Anna Schultz, professor of ethnomusicology, began by examining the definition of nationalism. The ability to define it both by ethnicity and by territory lies behind much of the Nazis' evil. As for Carmina Burana, Nazi music critics were at first puzzled by the work, put off by its hedonism and jazz-like rhythms, two things they abhorred; but then they embraced it for what they saw as its celebration of Aryan ethnicity.

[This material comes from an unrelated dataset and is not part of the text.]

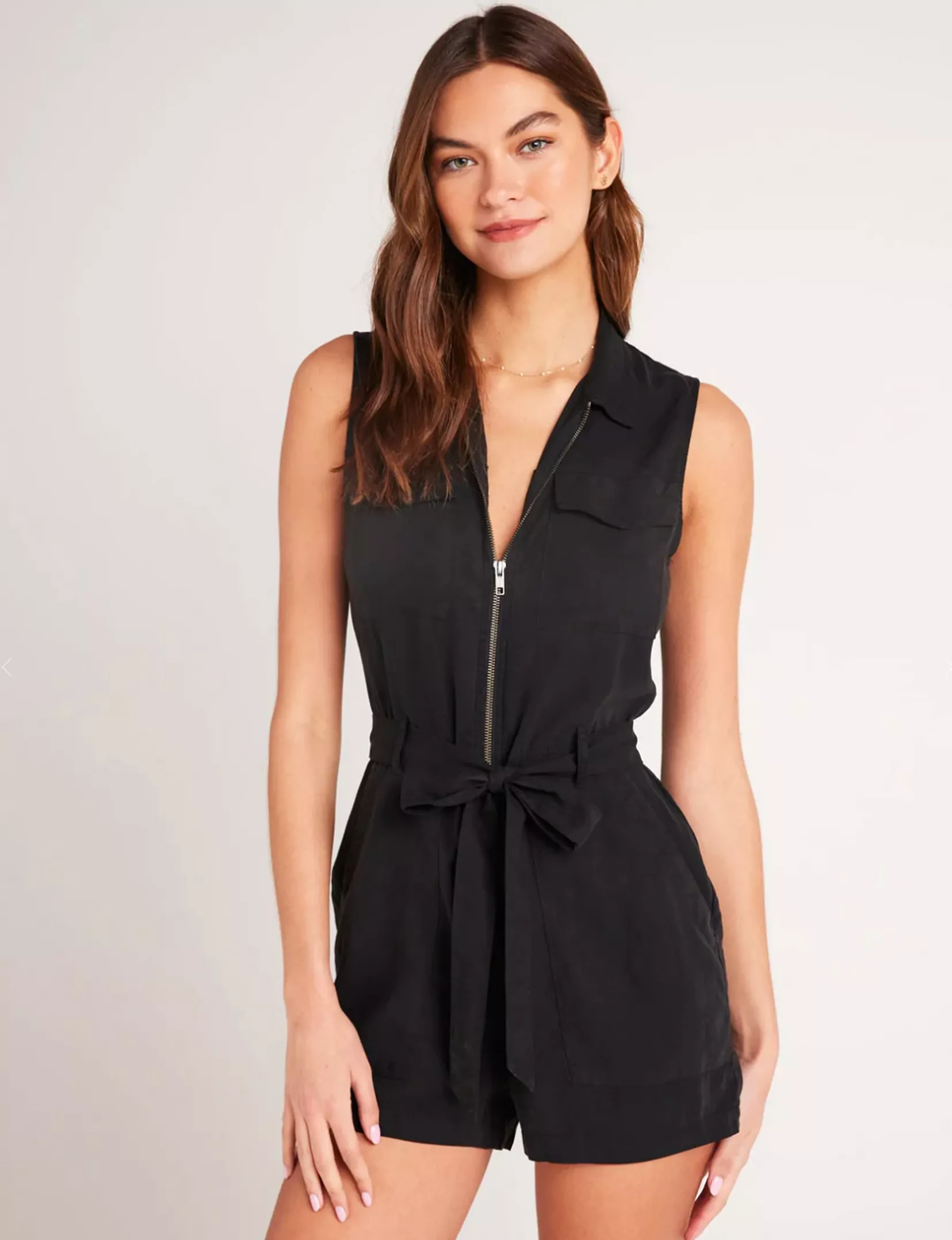 Zip Front Romper, Vintage Black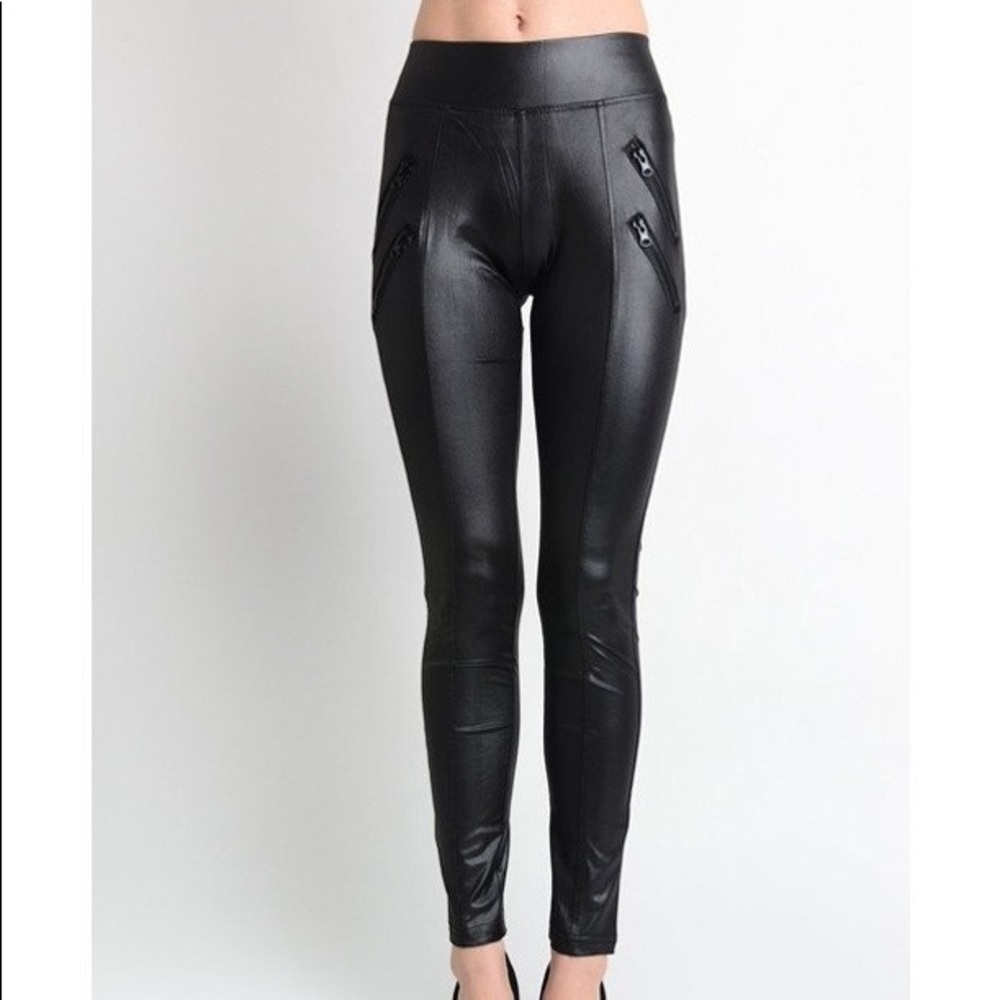 Black sheen slimming leggings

David Abernethy, chorus baritone and professor emeritus of political science, spoke of the challenges of coping with living under a totalitarian regime. Orff did cooperate with the Nazis, most infamously by composing a set of Midsummer Night's Dream incidental music to replace the banned Mendelssohn's. But in other respects he kept himself aloof, despite pressure from the regime. Abernethy concluded passionately by saying it's easy to criticize Orff's failings, but no option for behaving is morally clear. We should avoid facile condemnation of human frailties in horrific circumstances.
In comments later, Abernethy added that, although totalitarian regimes push mass culture and a hive mind, they're ironically highly individualistic as their honors and condemnations, in the arts as elsewhere, are based on the Leader's whim.
David Wilson, tenor and grad student in musicology, gave several comparisons to show that culpability under the Nazis has little relationship to subsequent reputation. His best example was the two leading conductors who stayed in the Nazi regime. Wilhelm Furtwängler actively helped Jewish musicians and avoided open propaganda, but his willingness to conduct before high Nazi officials all the way to the end has stained his reputation so badly that a biography is titled The Devil's Music Master. Whereas Herbert von Karajan actually joined the Nazi Party and had no compensating virtues, but his reputation, based on his post-war work, is clean.
(In speaking of Richard Strauss and his cooperation with the Nazis which has left him still a popular composer, Wilson rhetorically asked, "Who would do without Ein Heldenleben?" Thinking of that bloated and self-indulgent work, I muttered "I would." I intended to speak sotto voce, but was heard throughout the lecture room. Oops.)
Eric Tuan, choral studies administrator, examined Orff's pedagogical method, the Schulwerk. Originally conceived with leftist political overtones in the Weimar era, it proved adaptable to Nazi educational goals. For instance, its child-centered approach and primal content appealed to their anti-intellectual prejudices. And Orff went along with this. Tuan's conclusion was that nothing about the Schulwerk is inherently fascist, but it's easily appropriated.
Anna Wittstruck, conductor of the Stanford Symphony, classed Carmina Burana as a neo-classical work, and noted that this communitarian, accessible style is compatible with mass nationalism. She noted Orff's debt to Stravinsky's Les noces, and played video clips of a stage performance to show that Les noces (and also Le sacre du printemps) enact hive mind rituals right on stage. Orff intended for Carmina Burana also to be staged, a project in sensory immersion that would short-circuit critical distancing.
We also had some music. Wilson sang the tenor solo from Carmina, the lament of the roasting swan (accompanied by three choristers and a pianist) and then, just to demonstrate the musical similarity between Nazi music and Weimar music, pitched in to Kurt Weill's "Mack the Knife."